The positional control of mitosis and cytokinesis in higher-plant cells.

The present work establishes a correlation between cell length and patterns of mitotic microtubular assemblies in Allium cepa L. root meristems. Binucleate cells were formed by a short caffeine treatment which aborted the formation of the phragmoplast during telophase. The largest binucleate cells (about 50 microns in length) behaved as two contiguous mononucleate cells in their next mitosis: they developed two preprophase bands (PPBs), one around each nucleus, where two spindles and two phragmoplasts were subsequently formed. On the other hand, the shortest binucleate cells (about 36 microns in length) formed a single PPB at the site of the aborted phragmoplast and, in the medium-sized cells (about 44 microns) in which the single PPB formed around the nucleus possessing the largest cytoplasmic environment, the two mitotic spindles and the new phragmoplasts moved to, or were assembled in the position of the phragmoplast that had been aborted one cycle earlier. Some rules derive from these observations. First of all, the aborted phragmoplast left a signal for microtubule positioning which was still operative one cycle later, in two-thirds of the bimitoses. Also, that formation of the PPB is dispensable. Moreover, its development does not always predict the future division plane, because of the presence of competing old signals which are stronger than those shed by the PPB in the same mitosis, but which fade away with distance. Finally, the positional signals were reinforced when the ratio of monomeric to fibrillar actin was increased by cytochalasin D during their shedding. When this drug was given simultaneously with caffeine, the frequency of bimitoses which, one cycle later, developed spindles and phragmoplasts in the positions of the old phragmoplast increased.

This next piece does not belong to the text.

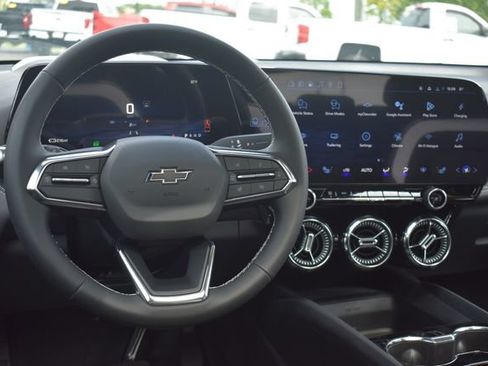 New 2026 Chevrolet Blazer EV LT AWD/4WD image 22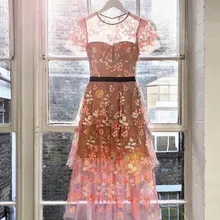 Новое поступление года; розовое платье с цветочным принтом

On the other hand, those frequencies dropped in relation to control when the cytochalasin D treatment took place during bimitosis, indicating that at this time the treatment reinforced the signals produced in bimitosis itself.[1]

References

  1. The positional control of mitosis and cytokinesis in higher-plant cells. Giménez-Abián, M.I., Utrilla, L., Cánovas, J.L., Giménez-Martín, G., Navarrete, M.H., De la Torre, C. Planta (1998) [Pubmed]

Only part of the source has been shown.